Re: Parallel Query Stats

2024-02-25 Thread Tomas Vondra
Hi Benoit,

On 4/5/23 15:00, Benoit Lobréau wrote:
> Hi hackers,
> 
> Parallelism has been in core since 9.6, it's a great feature that got
> several
> upgrades since then. However, it lacks metrics to determine if and how
> parallelism is used and help tune parameters related to it.
> 

True.

> Currently, the only information available are pg_stat_activity.backend_type
> and pg_stat_activity.leader_pid. These could be sampled to get statistics
> about the number of queries that are using parallel workers and the
> number of
> workers spawned (globally or per statement), but this is not ideal because:
> 
> * the sampling period would require a high frequency to get stats
>   close enough from reality without missing lots of short duration
>   queries;
> * with sampling we cannot get an accurate count of parallel queries;
> * we don't know how many queries can't get the workers they asked for.
> 
> We thought about several places where we could add some user facing
> metrics, and would
> like some input about the design before working on a larger patch. The
> various chosen
> names are obviously not settled.
> 

I agree just sampling pg_stat_activity is insufficient to get a good
overview and decide whether an adjustment of the parallel workers (or
other GUCs) is needed.

> # Traces
> 
> We could add a GUC "log_parallel_draught": it would add a message in the
> logs when a
> query or utility asks for parallel workers but can't get all of them.
> 
> The message could look like this. It could be issued several times per
> query
> since workers can be requested for different parts of the plan.
> 
>   LOG:  Parallel worker draught detected: worker launched: 0, requested: 2
>   STATEMENT:  explain analyze select * from pq_foo inner join pq_bar
> using(id);
> 
>   LOG:  Parallel worker draught detected: worker launched: 0, requested: 1
>   CONTEXT:  while scanning relation "public.pv_tbl"
>   STATEMENT:  VACUUM (PARALLEL 2, VERBOSE) pv_tbl;
> 
>   LOG:  Parallel worker draught detected: worker launched: 0, requested: 1
>   STATEMENT:  CREATE INDEX ON pi_tbl(i);
> 
> This could be used in tools like pgBadger to aggregate stats
> on statements that didn't get their workers, but we might need additionnal
> information to know why we are lacking workers.
> 
> We have a working PoC patch for this since it seems the most
> straightforward to implement and use.
> 

I commented on this in the separate thread nearby.

> # pg_stat_bgworker view
> 
> I was initially thinking about metrics like:
> * number of parallel queries
> * number of parallel queries that didn't get their workers
> But without a number of eligible queries, it's not very useful.
> 
> Instead, some metrics could be useful:
> * how many workers were requested
> * how many workers were obtained.
> The data would be updated as the workers are spawned
> (or aren't).
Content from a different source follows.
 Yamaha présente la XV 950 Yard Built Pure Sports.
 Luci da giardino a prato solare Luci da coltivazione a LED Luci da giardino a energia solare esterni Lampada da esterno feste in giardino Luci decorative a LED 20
It would be interesting to have this information per
> background worker type in order to identify which pool is the source of a
> parallel worker draught.
> 
> The view could look like this:
> 
> * bgworker_type: possible values would be: logical replication worker /
> parallel
> worker / parallel maintenance worker / a name given by an extension;
> * datname: the database where the workers were connected if applicable,
> or null
>   otherwise;
> * active: number of currently running workers;
> * requested: number of requested workers ;
> * obtained: number of obtained workers ;
> * duration: the aggregation of all durations; we could update this field
> when a
>   background worker finishes and add the duration from the one still
> running to
>   produce an more accurate number;
> * stats_reset: the reset would be handled the same way other pg_stat* views
>   handle it.
> 
> The parallel maintenance worker type doesn't exist in pg_stat_activity.
> I think
> it would be worthwhile to add it since this kind of parallel worker has
> it's
> own pool.
> 
> This view could be used by monitoring or metrology tools to raise alerts or
> trace graphs of the background worker usage, and determine if, when and
> where
> there is a shortage of workers.
> 
> Tools like pg_activity, check_postgres/check_pgactivity or prometheus
> exporters could use these stats.
> 

I'm not against adding a new statistics view like the one you describe,
but maybe it'd be better to start with just adding something basic to
pg_stat_database?

I think a minimum improvement would be to extend pg_stat_database with
the number of requested and started parallel workers, and perhaps also
the number of running parallel workers (similar to numbackends).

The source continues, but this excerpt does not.